Your instructions
The data below contains pictures, which are to be skipped; the lines starting at the line with "Falkner Falke Falcon" and ending at the line with "500 Milyon TL’nin" are to be output exactly, both ends included.

Given information
· · · ·
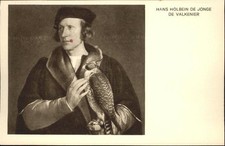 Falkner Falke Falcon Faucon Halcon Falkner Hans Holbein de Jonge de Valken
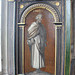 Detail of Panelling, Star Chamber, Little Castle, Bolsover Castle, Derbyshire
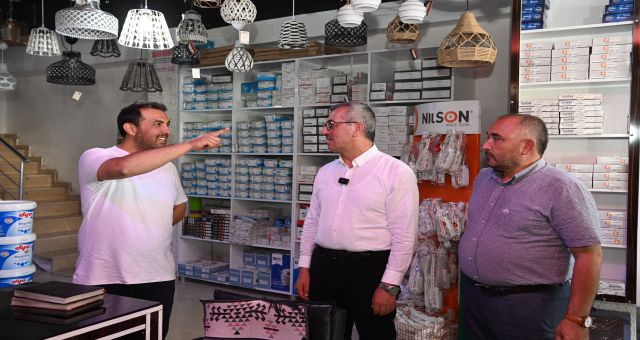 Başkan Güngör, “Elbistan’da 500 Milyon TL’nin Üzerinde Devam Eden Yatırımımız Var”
· · · ·
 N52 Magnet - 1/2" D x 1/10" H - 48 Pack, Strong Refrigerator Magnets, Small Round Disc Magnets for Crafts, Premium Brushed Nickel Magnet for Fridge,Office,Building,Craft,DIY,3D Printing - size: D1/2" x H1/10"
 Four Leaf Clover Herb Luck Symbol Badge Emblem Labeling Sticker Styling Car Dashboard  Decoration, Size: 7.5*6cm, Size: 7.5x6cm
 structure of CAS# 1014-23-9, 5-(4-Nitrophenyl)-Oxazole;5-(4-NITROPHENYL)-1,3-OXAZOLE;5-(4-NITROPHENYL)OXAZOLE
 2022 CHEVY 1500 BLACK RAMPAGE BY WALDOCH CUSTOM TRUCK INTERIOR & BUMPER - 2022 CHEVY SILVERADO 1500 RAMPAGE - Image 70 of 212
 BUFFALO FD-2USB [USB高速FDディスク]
· · · ·
Exercise output
 Falkner Falke Falcon Faucon Halcon Falkner Hans Holbein de Jonge de Valken
 Detail of Panelling, Star Chamber, Little Castle, Bolsover Castle, Derbyshire
 Başkan Güngör, “Elbistan’da 500 Milyon TL’nin Üzerinde Devam Eden Yatırımımız Var”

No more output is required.